- Compact and stylish aluminum body that's available in three synthetic leather colors (Black, Tan, Red)
- 12-megapixel, 2/3" EXR-CMOS sensor
- Fast EXR processing unit
- High-quality FUJINON Manual 4x optical zoom lens (equivalent to 25-100mm) with Optical Image Stabilization
- Fast aperture range of F1.8 (wide) to F4.9 (telephoto)
- EXR Auto plus PSAM manual exposure options
- Bright 3.0-inch LCD monitor with 460K dots
- Built-in, popup flash unit
- ISO settings from 100 - 12,800
- Macro shooting down to 3cm
- Motion Panorama 360 for seamless panoramic shots in a snap
- Various Artistic effects
- Shoot RAW and JPEG image formats
- In-camera RAW converter
- Full HD movie recording
- Li-ion battery pack (Good for 300 shots)

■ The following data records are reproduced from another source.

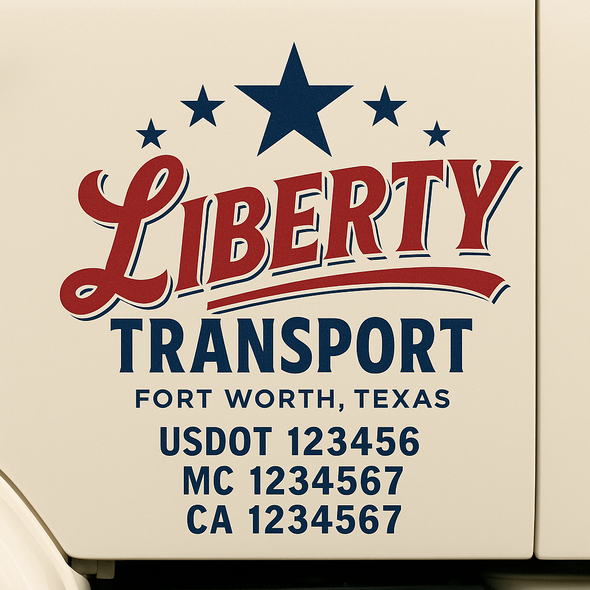 Custom Designed USDOT (DOT) Truck Door Lettering Decal Signs | Graphic Designed USDOT Lettering For Semi-Trucks, Work Trucks & Box Trucks | Add Your Trucking Name, USDOT, MC, CA, KYU, GVW & VIN (2-Pack)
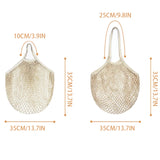 Yeknu  Handheld foldable shopping Cotton mesh bag , reusable fruit mesh bag, Woven mesh pocket hollowed out kitchen storage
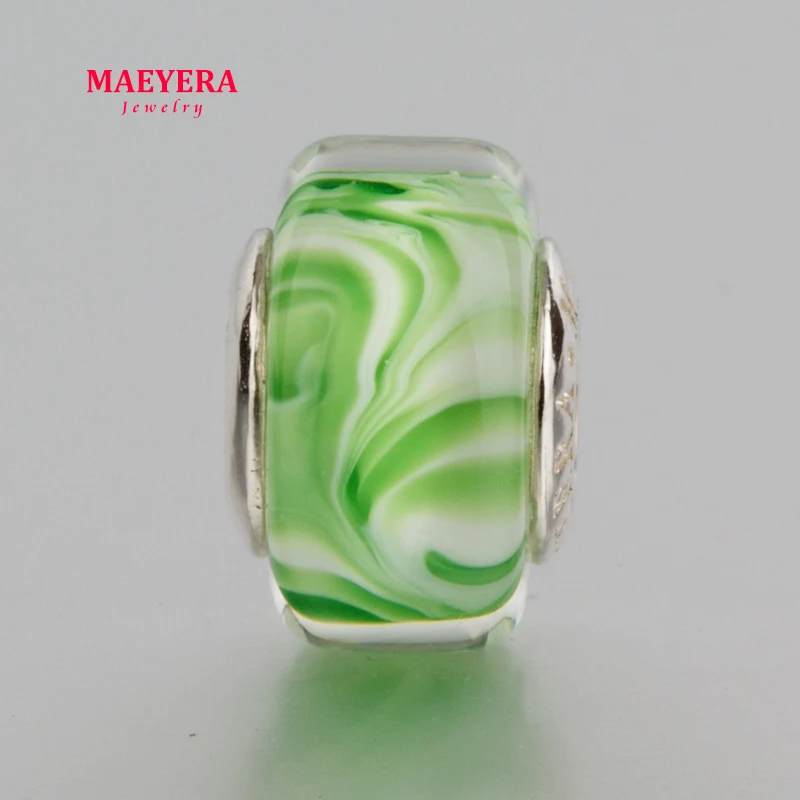 MAEYERA ювелирные изделия настоящее S925 ядро лампворк бусины зеленый муранский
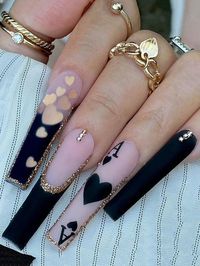 Get Glamorous with 24 pcs Long Coffin Special Cool Sweet Creative Elegant Black Glitter French POKER , Heart Design with Rhinestone Decor Full Cover Fake Nail Gift For Women Mom Wife Sister Teen Girl Friend, Valentines Day,Thanksgiving, Cosplay ,Birthday,party, Christmas Gifts ,Spring ,Summer ,Autumn, suit for hands & 1pc Nail file & 1sheet Nail jelly glueI discovered amazing products on SHEIN.com, come check them out!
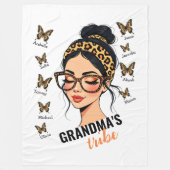 ヒョウ乱雑ブンアンド蝶名前をカスタムする フリースブランケット (正面)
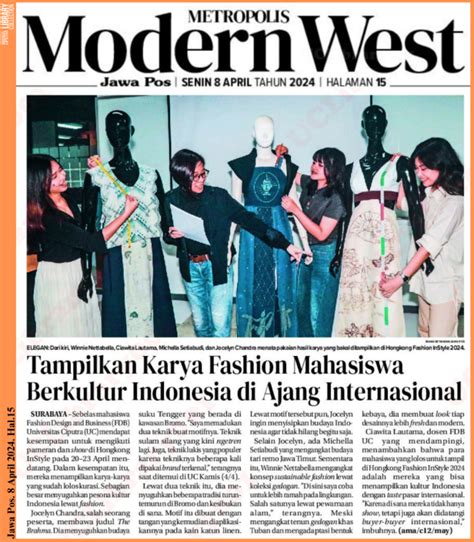 Tampilkan Karya Fashion Mahasiswa Berkultur Indonesia Di Ajang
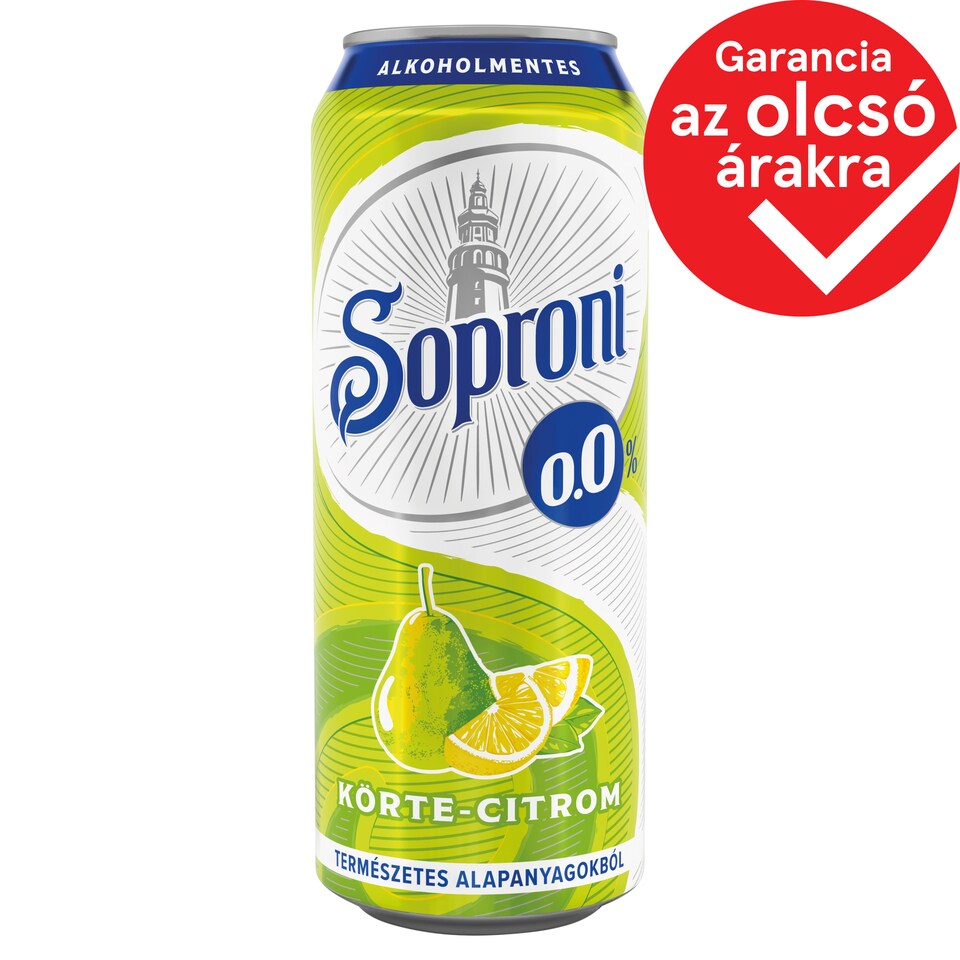 Soproni körte-citrom ízű alkoholmentes sörital 500 ml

- SD/SDHC/SDXC memory card slot (UHS-1 compliant)
- High-quality lens produces sharp images
- Large image sensor allows XF1 to excel in low-light photos
- Popup flash works well for portrait photos
- Flash intensity can be adjusted with on-screen menus
- Mode dial saves time when picking shooting modes
- Little-to-no shutter lag
- Very fast autofocus mechanism
- LCD is very sharp and has 11 brightness setting options
- Fujifilm included many options for controlling the LCD
- Several interesting special effect features
- Several burst modes available
- Separate battery charger included
- HDMI slot included
- Supports shooting in RAW
- Very sturdy camera build
- XF1 has an interesting, retro look
- Small and lightweight feel for a high-quality camera
- Camera has sturdy build and feel; no part of this camera feels cheap
- Camera is pricey for a fixed-lens model
- Odd sequence for turning on the camera may frustrate some users
- Start up takes a bit too long
- Too easy to power down the camera while simply adjusting the manual zoom lens
- Although ISO up to 12,800 is available, highest ISO settings only can be used at limited resolutions
- Quite a bit of noise in higher ISO settings
- Some glare on the LCD screen is noticeable in sunny shooting situations
- Flash isn't quite as strong as it should be
- Flash doesn't work in silent mode
- 4x zoom lens will disappoint some users
- Manual zoom can be tricky to use because the lens and camera are small
- Battery life is well below manufacturer estimates at times
Timing Test Results
- Power up to first image captured = 2.7 seconds (with Quick Start Mode turned on); 3.6 seconds (with Quick Start Mode turned off)
- Shutter lag when prefocused = less than 1/10 of a second
- Shutter lag with autofocus = about 0.1 seconds
- Shot to shot delay without flash = 2.8 seconds between frames with minimum review time On, 1.5 seconds with review Off
- Shot to shot delay with flash = 2.8 seconds between frames with minimum review time On, 2.4 seconds with review Off
- Super High (HS) Speed Burst Mode = 10 frames in 1.2 seconds @ 6M
- Middle (M) Speed Burst Mode = 8 frames in 1.6 seconds @ 12M
- Low (L) Speed Burst Mode = 10 frames in 3.1 seconds @ 12M
- All tests were taken using a PNY Class 10, 4 GB SDHC memory card, Program Mode, Flash off, Review on, ISO Auto and all other settings at the factory defaults unless noted otherwise.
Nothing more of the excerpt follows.